Aaron Wallace

No. 51, 99, 56, 59
- Position: Linebacker

Personal information
- Born: April 17, 1967 (age 58) Paris, Texas, U.S.
- Listed height: 6 ft 3 in (1.91 m)
- Listed weight: 240 lb (109 kg)

Career information
- High school: Franklin D. Roosevelt (Dallas, Texas)
- College: Texas A&M
- NFL draft: 1990: 2nd round, 37th overall pick

Career history
- Los Angeles/Oakland Raiders (1990–1995); Denver Broncos (1996)*; Oakland Raiders (1997–1998);
- * Offseason and/or practice squad member only

Awards and highlights
- PFWA All-Rookie Team (1990); First-team All-SWC (1988), (1989); Second-team All-SWC (1987);

Career NFL statistics
- Tackles: 168
- Sacks: 21
- Fumble recoveries: 6
- Stats at Pro Football Reference

= Aaron Wallace =

American football player (born 1967)

Aaron Wallace (born April 17, 1967) is an American former professional football player who played his entire career as a linebacker for the Raiders franchise of the National Football League (NFL). He played college football for the Texas A&M Aggies.

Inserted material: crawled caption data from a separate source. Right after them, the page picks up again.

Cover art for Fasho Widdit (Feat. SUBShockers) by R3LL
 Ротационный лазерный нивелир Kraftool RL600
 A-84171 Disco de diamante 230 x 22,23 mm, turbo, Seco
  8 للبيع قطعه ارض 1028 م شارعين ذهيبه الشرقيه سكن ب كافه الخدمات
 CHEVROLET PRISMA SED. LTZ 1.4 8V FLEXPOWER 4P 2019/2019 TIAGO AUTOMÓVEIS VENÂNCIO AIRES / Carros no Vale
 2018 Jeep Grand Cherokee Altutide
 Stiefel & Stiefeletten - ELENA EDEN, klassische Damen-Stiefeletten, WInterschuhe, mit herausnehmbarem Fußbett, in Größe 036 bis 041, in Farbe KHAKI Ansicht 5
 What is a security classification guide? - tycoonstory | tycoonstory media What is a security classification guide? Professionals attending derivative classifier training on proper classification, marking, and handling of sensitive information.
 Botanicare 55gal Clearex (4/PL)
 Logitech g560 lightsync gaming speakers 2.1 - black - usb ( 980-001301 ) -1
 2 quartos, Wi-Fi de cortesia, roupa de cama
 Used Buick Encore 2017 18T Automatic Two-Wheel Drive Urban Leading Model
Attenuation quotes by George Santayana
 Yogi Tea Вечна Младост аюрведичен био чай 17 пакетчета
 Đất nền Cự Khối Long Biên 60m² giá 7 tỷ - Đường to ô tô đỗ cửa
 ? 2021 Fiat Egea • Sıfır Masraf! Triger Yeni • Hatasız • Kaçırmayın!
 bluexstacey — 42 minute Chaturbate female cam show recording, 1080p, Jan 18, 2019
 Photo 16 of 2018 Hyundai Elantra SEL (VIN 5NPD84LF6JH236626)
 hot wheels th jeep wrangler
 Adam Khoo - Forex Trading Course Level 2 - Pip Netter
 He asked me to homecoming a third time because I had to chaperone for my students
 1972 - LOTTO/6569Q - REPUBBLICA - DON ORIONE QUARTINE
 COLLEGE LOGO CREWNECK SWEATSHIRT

Wallace attended Dallas Franklin D. Roosevelt High School (Dallas) where he was a teammate of future NFL players Richmond Webb and Kevin Williams.

While at Texas A&M from 1986 to 1989, Wallace accumulated 42 sacks for his career, which still rank him 1st all-time at Texas A&M. The 42 sacks also ranked him 7th all-time in the NCAA at the conclusion of his career and currently rank him 11th.

Wallace was selected by the Raiders in the second round of the 1990 NFL Draft. Wallace played eight seasons for the Raiders, compiling 155 tackles and 21 sacks. He retired in 1999 and did some work in real estate. He later returned to Texas A&M to earn his degree in agricultural and life sciences in 2002.

Wallace began his coaching career at Sunset High School, where he coached the defensive line for four seasons. He then served at H. Grady Spruce High School in 2007, the last season Spruce fielded athletic teams. After Spruce's disbandment of its sports squads, he moved to Emmett J. Conrad High School, though he discontinued coaching. He stopped coaching since he desired more time to see his son play football in San Diego. His son, Aaron Wallace Jr., played for the UCLA Bruins and was drafted in the 7th round of the 2016 NFL draft by the Tennessee Titans.

Wallace was inducted into the Texas Black Sports Hall of Fame in 2008.